Health Savings Accounts (HSAs) were created as a tax-favored framework to provide health care benefits mainly for small business owners, the self-employed, and employees of small to medium-size companies who do not have access to health insurance.
The tax benefits of HSAs are quite substantial. Eligible individuals can make tax-deductible (as an adjustment to AGI) contributions into HSA accounts. The funds in the account may be invested (somewhat like an IRA), so there is an opportunity for growth. The earnings inside the HSA are free from federal income tax, and funds withdrawn to pay eligible health care costs are tax-free.
An HSA is a tax-exempt trust or custodial account established exclusively for the purpose of paying qualified medical expenses of the participant who, for the months for which contributions are made to an HSA, is covered under a high-deductible health plan. Consequently, an HSA is not insurance; it is an account, which must be opened with a bank, brokerage firm, or other provider (i.e., insurance company). It is therefore different from a Flexible Spending Account in that it involves an outside provider serving as a custodian or trustee.

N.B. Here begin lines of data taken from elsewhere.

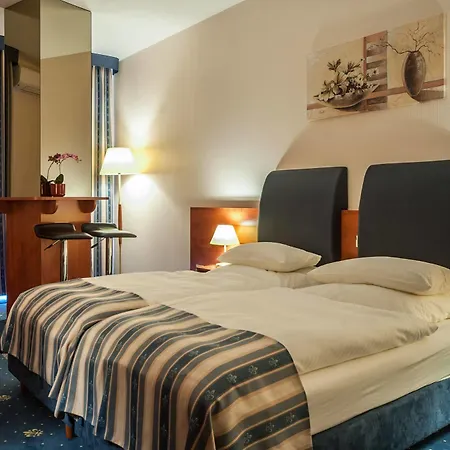 Skyhotelgwarna Legnica
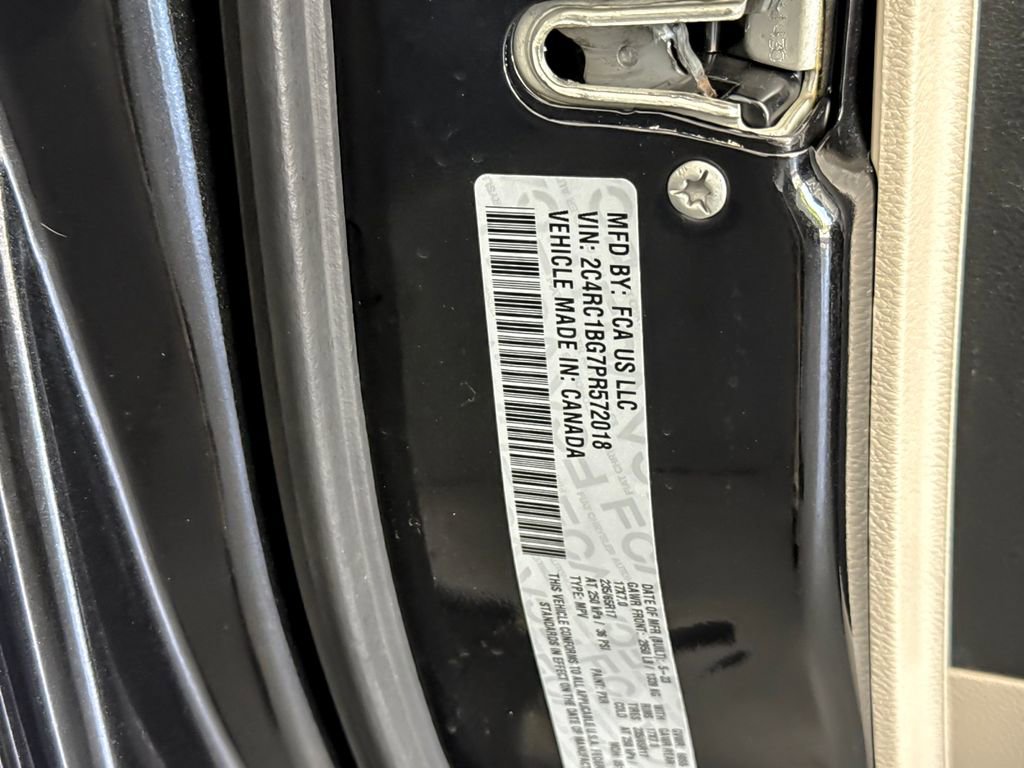 Used 2023 Chrysler Pacifica Touring-L FWD image 27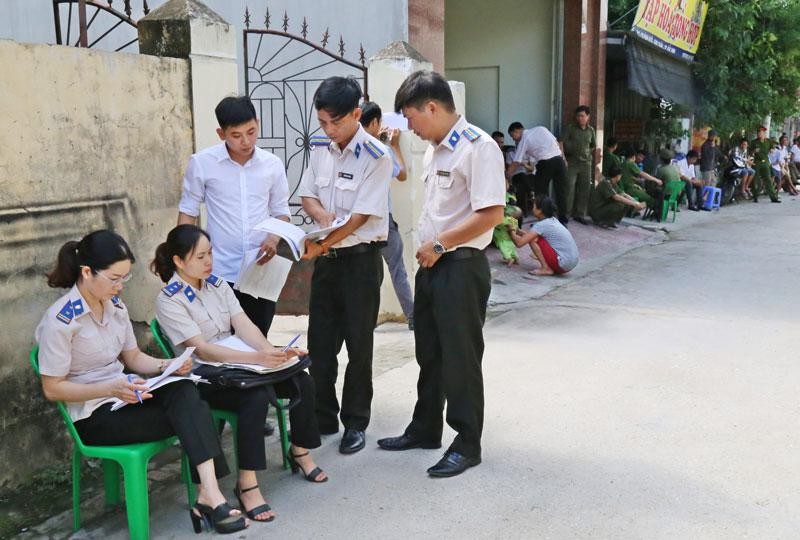 Chấp hành viên Chi cục THADS TP Bắc Ninh áp dụng nhiều biện pháp trong công tác giải quyết án.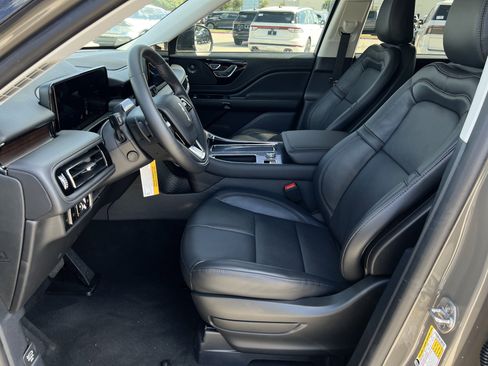 New 2025 Lincoln Aviator Reserve w/ Illumination Package image 24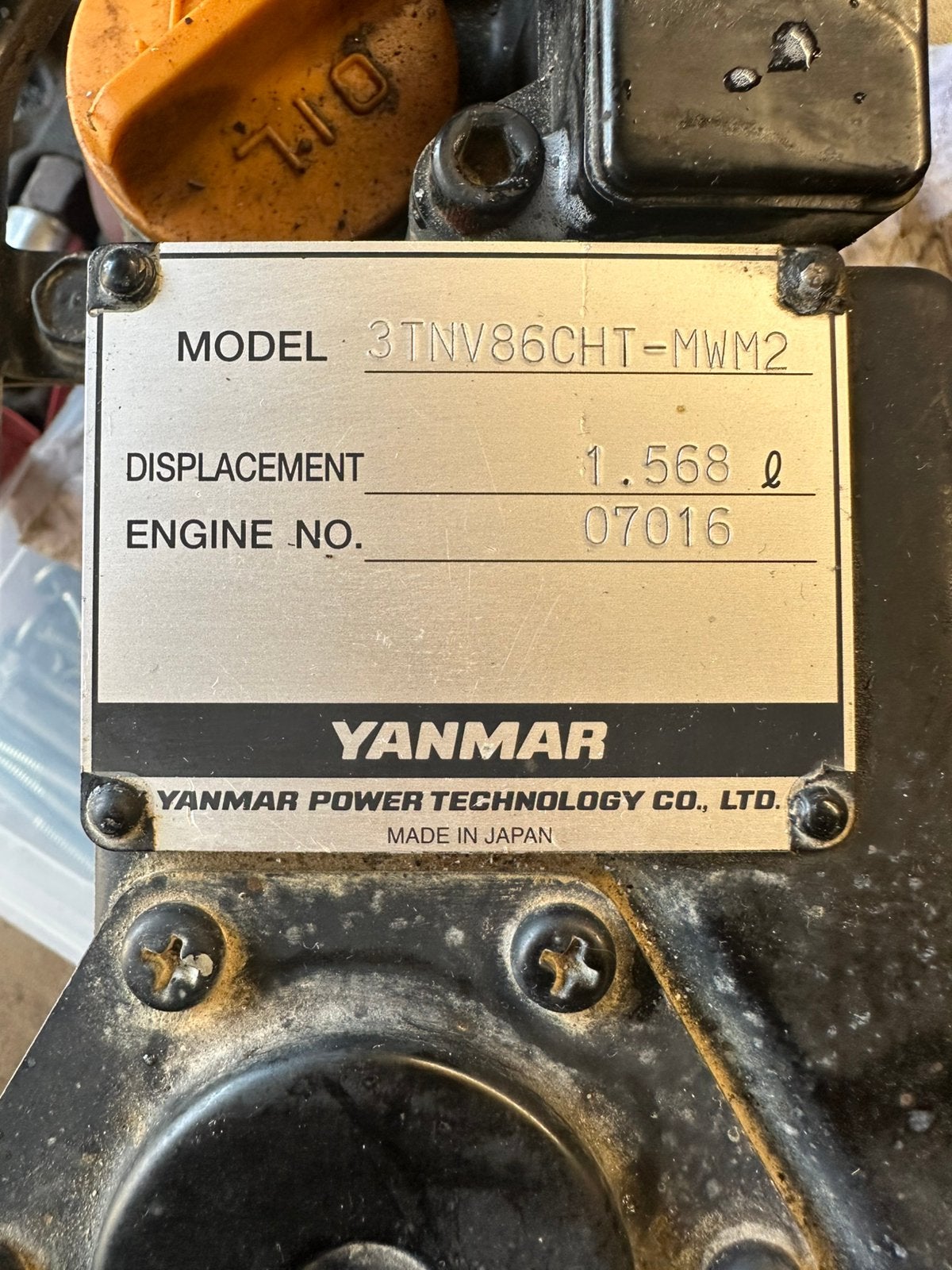 Yanmar 3TNV86 onderdelen, Ophalen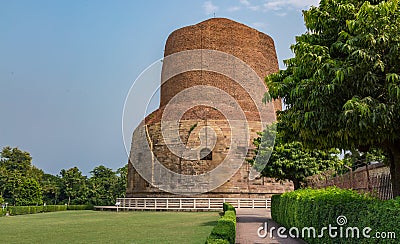 Dhamekh Stupa brick structure at Sarnath, Varanasi, India Stock Photo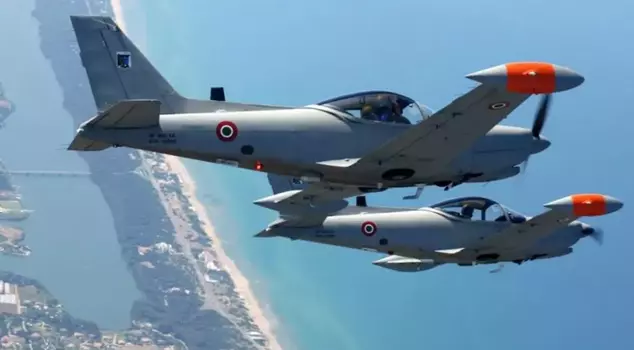 A military training aircraft crashed in a national park in Italy, resulting in the deaths of 2 soldiers.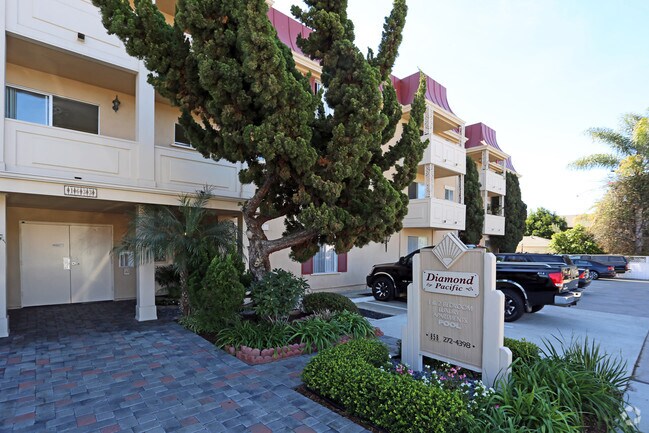 Diamond Pacific Luxury Apartments - Diamond Pacific Luxury Apartments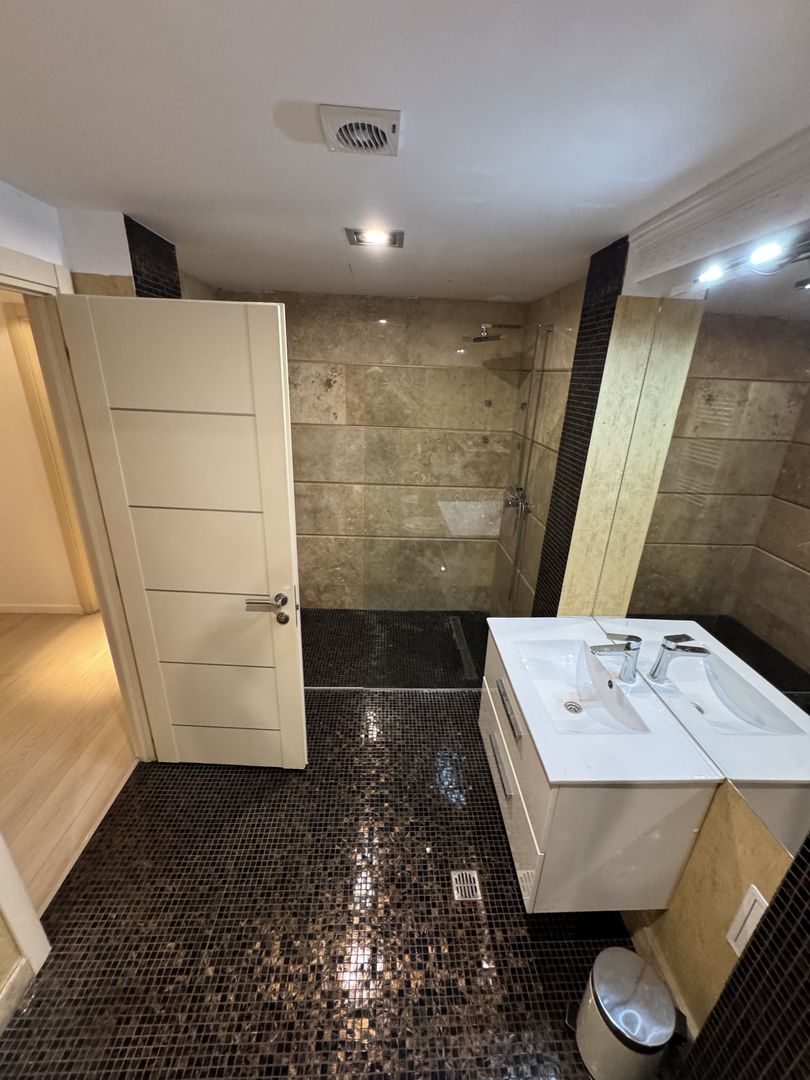 Triplex 5 Camere de Închiriat - Herăstrău, Cartierul Francez - Poză 11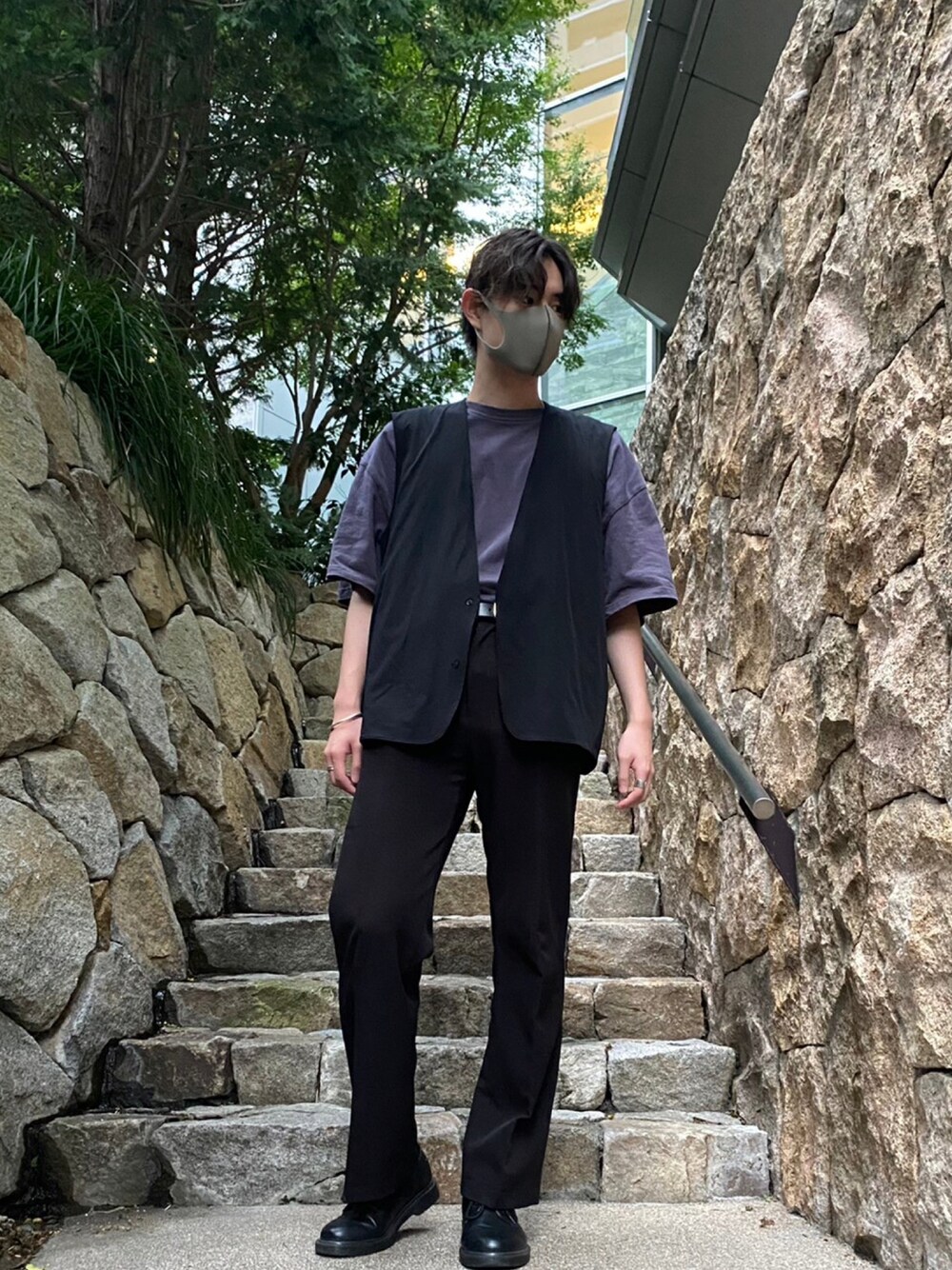 「カジュアルコーデ、秋のコーデ、シンプルコーデ、Tシャツ、おしゃれさんと繋がりたい、秋服、スラックス、いいね、save、フォローお願いします🤑、相互フォロー、相互フォローしましょう！、相互フォロー歓迎」｜「WEGOのWEGO/3ホールシューズ（ドレスシューズ、ブラック系）」を使った、kocoinsさん（メンズ・178cm）の秋コーディネートの1枚目の写真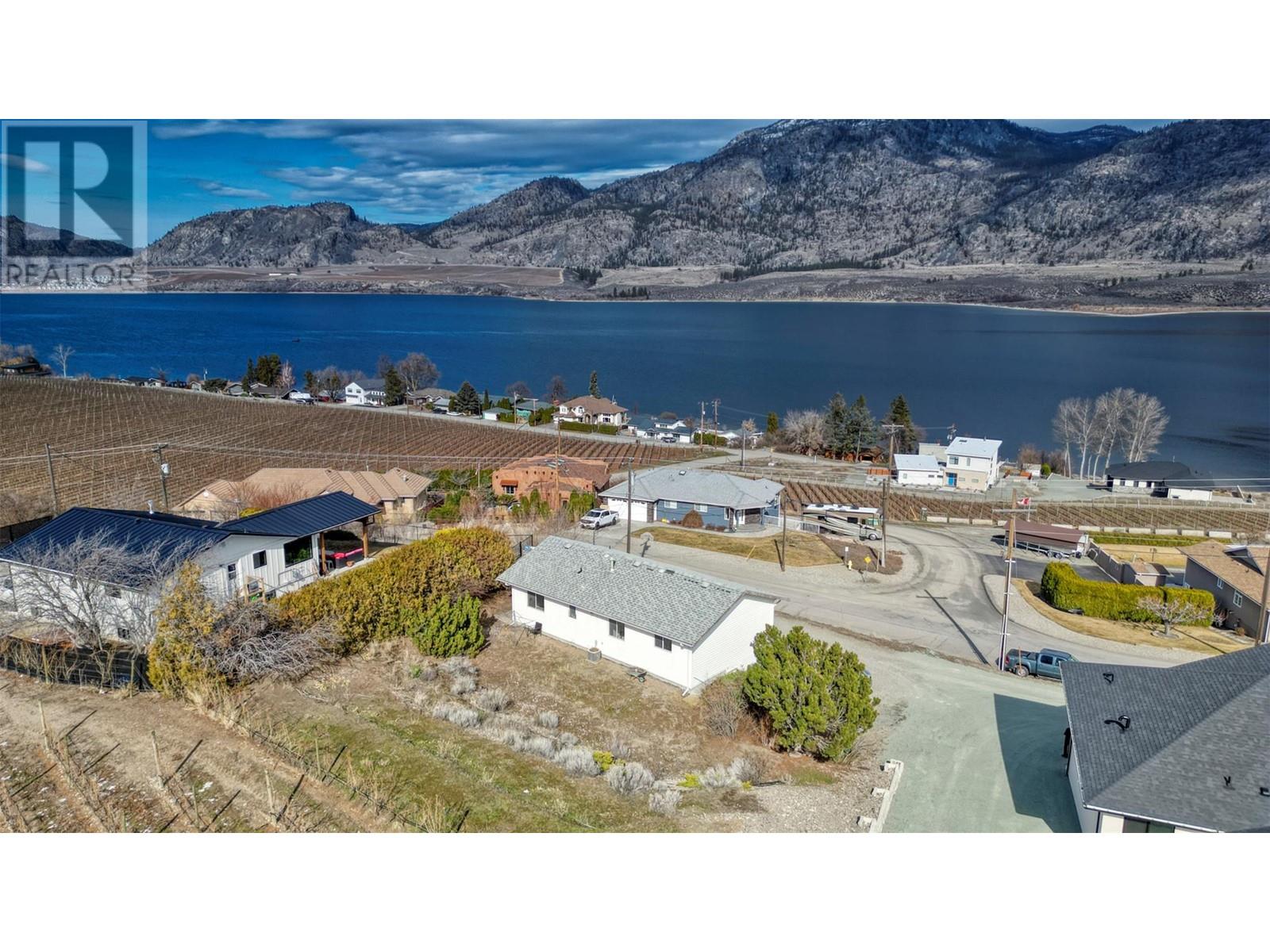 10408 87th Street, Osoyoos, British Columbia  V0H 1V0 - Photo 3 - 10338357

The recently released 2015 inflation-adjusted contribution limit for individual self-only coverage under a high-deductible plan is $3,350, while the comparable amount for family coverage is $6,650. For 2015, a high-deductible health plan is defined as a health plan with an annual deductible that is not less than $1,300 for self-only coverage and $2,600 for family coverage, and the annual out-of-pocket expenses (including deductibles and copayments, but not premiums) must not exceed $6,450 for self-only coverage or $12,900 for family coverage.